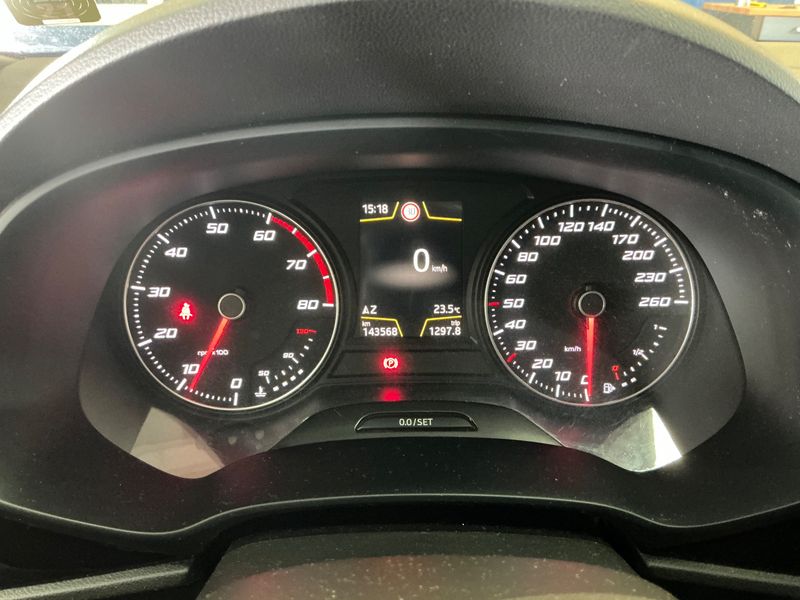 Seat Leon 1.8 TSI FR 2017 – снимка 19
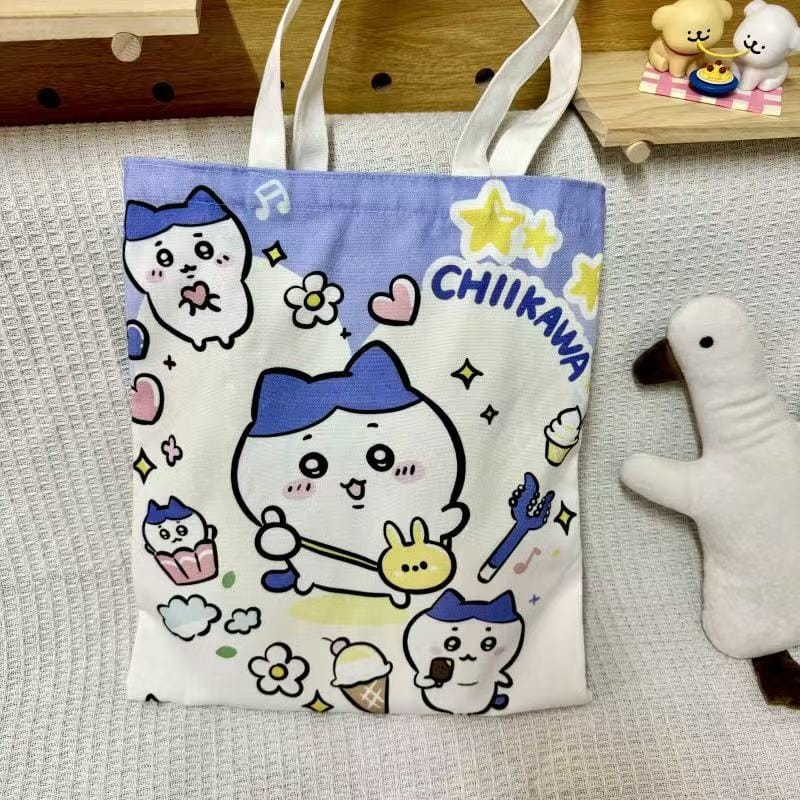 Chikawa Tote Bag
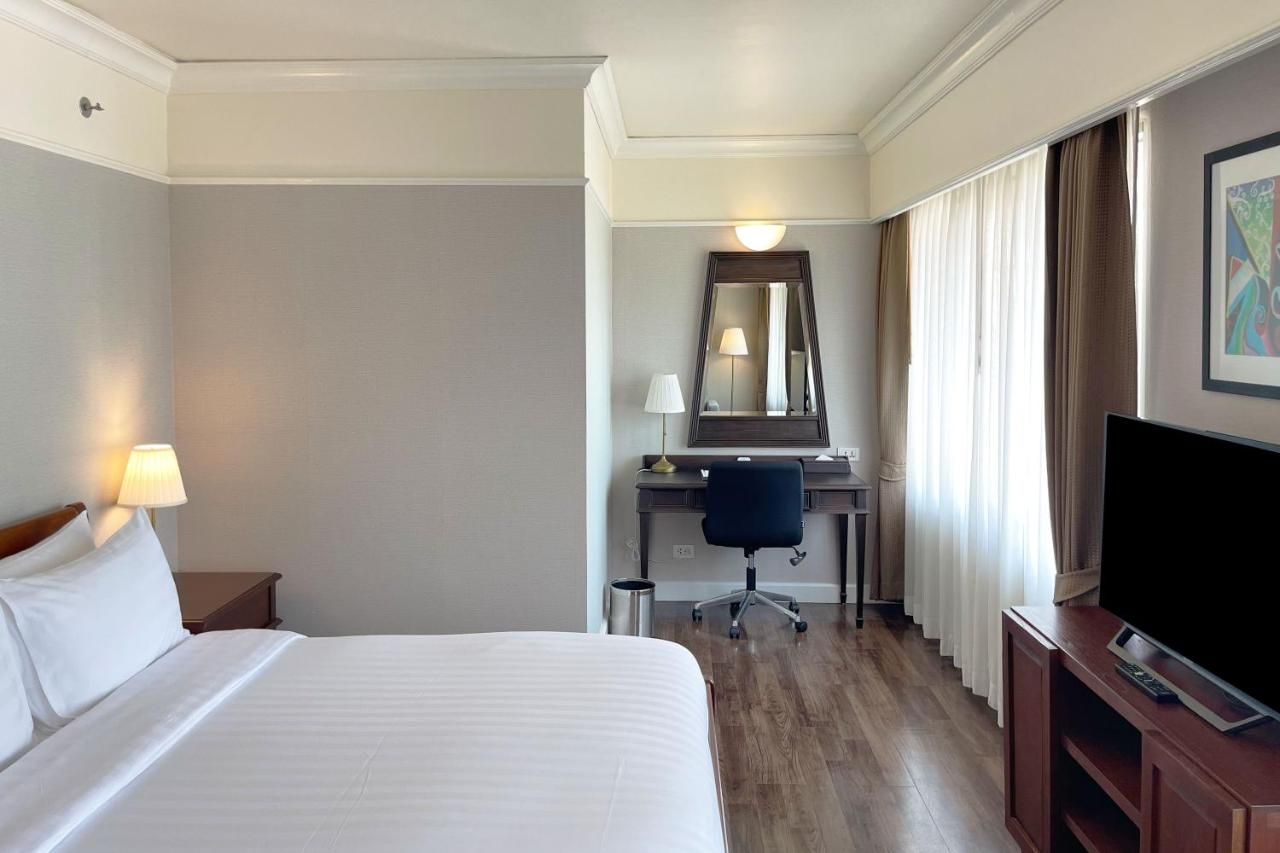 Le Siam Hotel Silom Bangkok by Pcl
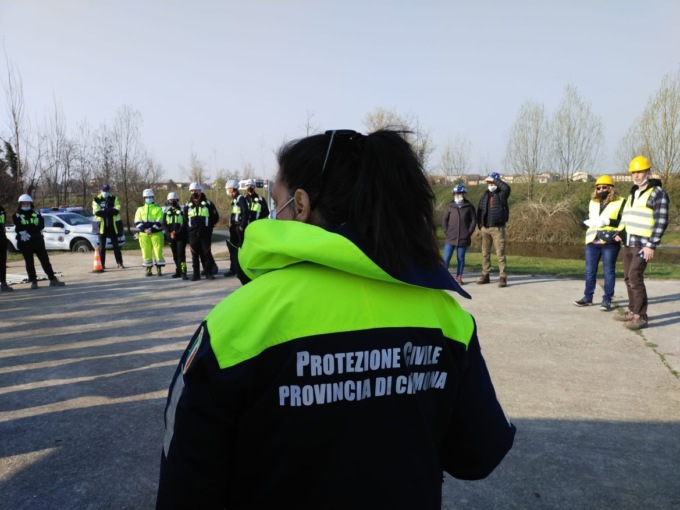 Protezione Civile, 53 nuovi volontari in provincia di Cremona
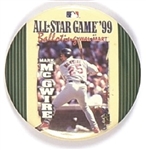 All Star Game, Mark McGwire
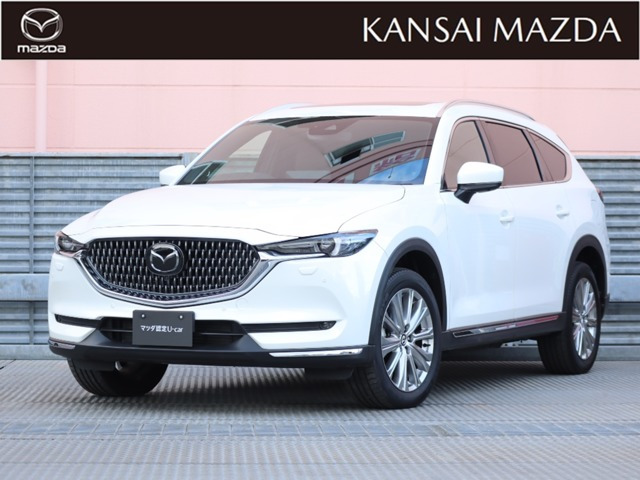 CX-8 2.2 XD エクスクルーシブ モード 4WD 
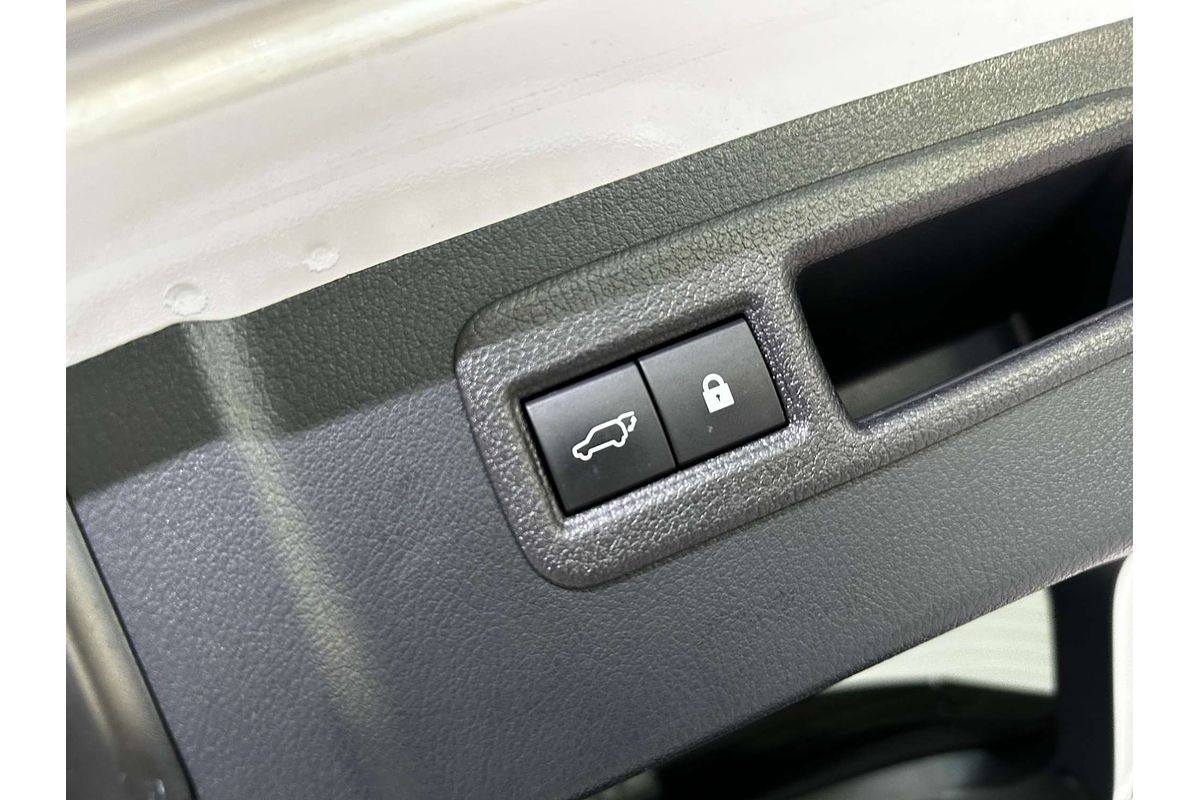 2021 Lexus NX NX300h Sports Luxury AYZ15R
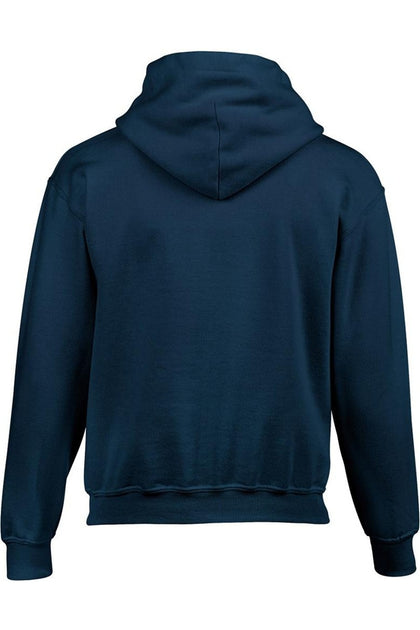 Gildan DC Comics Retro Liberty Hooded Sweatshirt Blue Medium 3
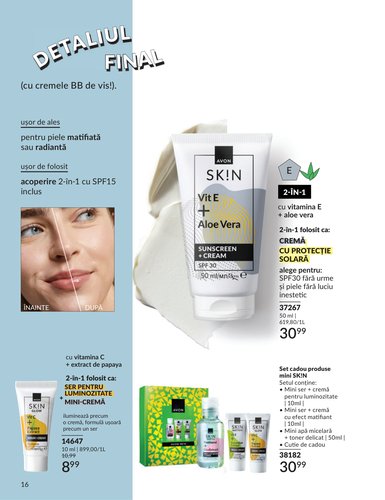 avon - Catalog Avon online – oferte valabile din 01.03.2026 - page: 198
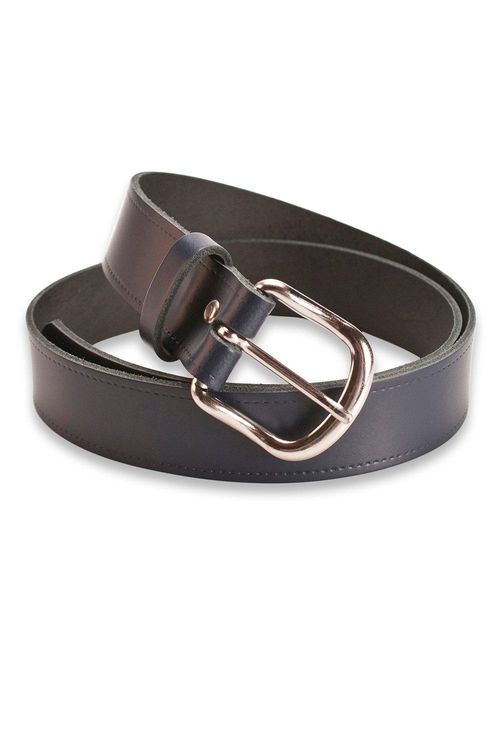 1.25" Genuine Leather Belt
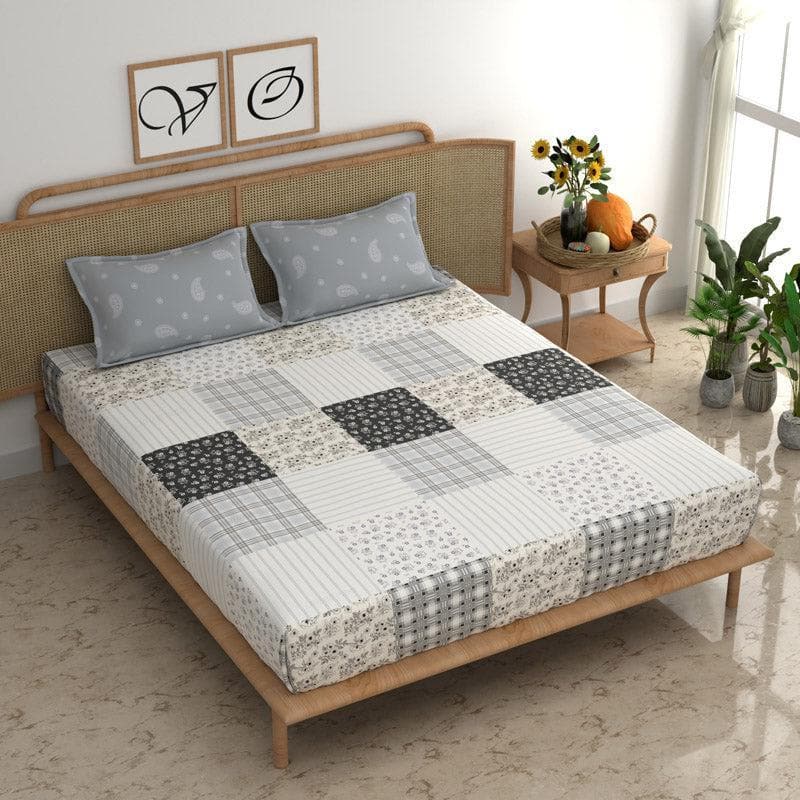 Buy Selah Bedsheet Bedsheets from Vaaree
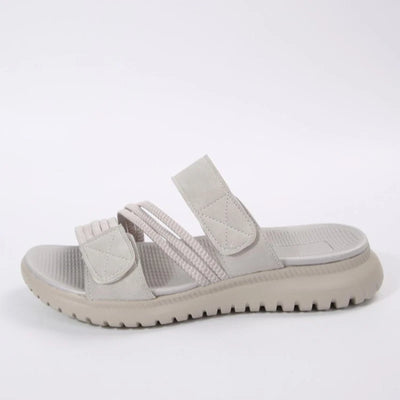 2026 Women's Thick Sole Slippers Sandals Plus Size Lightweight Sweet Slipper Beach Sandal for Woman Sandalias De Mujer Verano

**Try it**. Skipping all images, output the listing exactly.

**Answer to this exercise**.
 Seat Leon 1.8 TSI FR 2017 – снимка 19
 Chikawa Tote Bag
 Le Siam Hotel Silom Bangkok by Pcl
 Protezione Civile, 53 nuovi volontari in provincia di Cremona
 All Star Game, Mark McGwire
 CX-8 2.2 XD エクスクルーシブ モード 4WD 
 2021 Lexus NX NX300h Sports Luxury AYZ15R
 Gildan DC Comics Retro Liberty Hooded Sweatshirt Blue Medium 3
 avon - Catalog Avon online – oferte valabile din 01.03.2026 - page: 198
 1.25" Genuine Leather Belt
 Buy Selah Bedsheet Bedsheets from Vaaree
 2026 Women's Thick Sole Slippers Sandals Plus Size Lightweight Sweet Slipper Beach Sandal for Woman Sandalias De Mujer Verano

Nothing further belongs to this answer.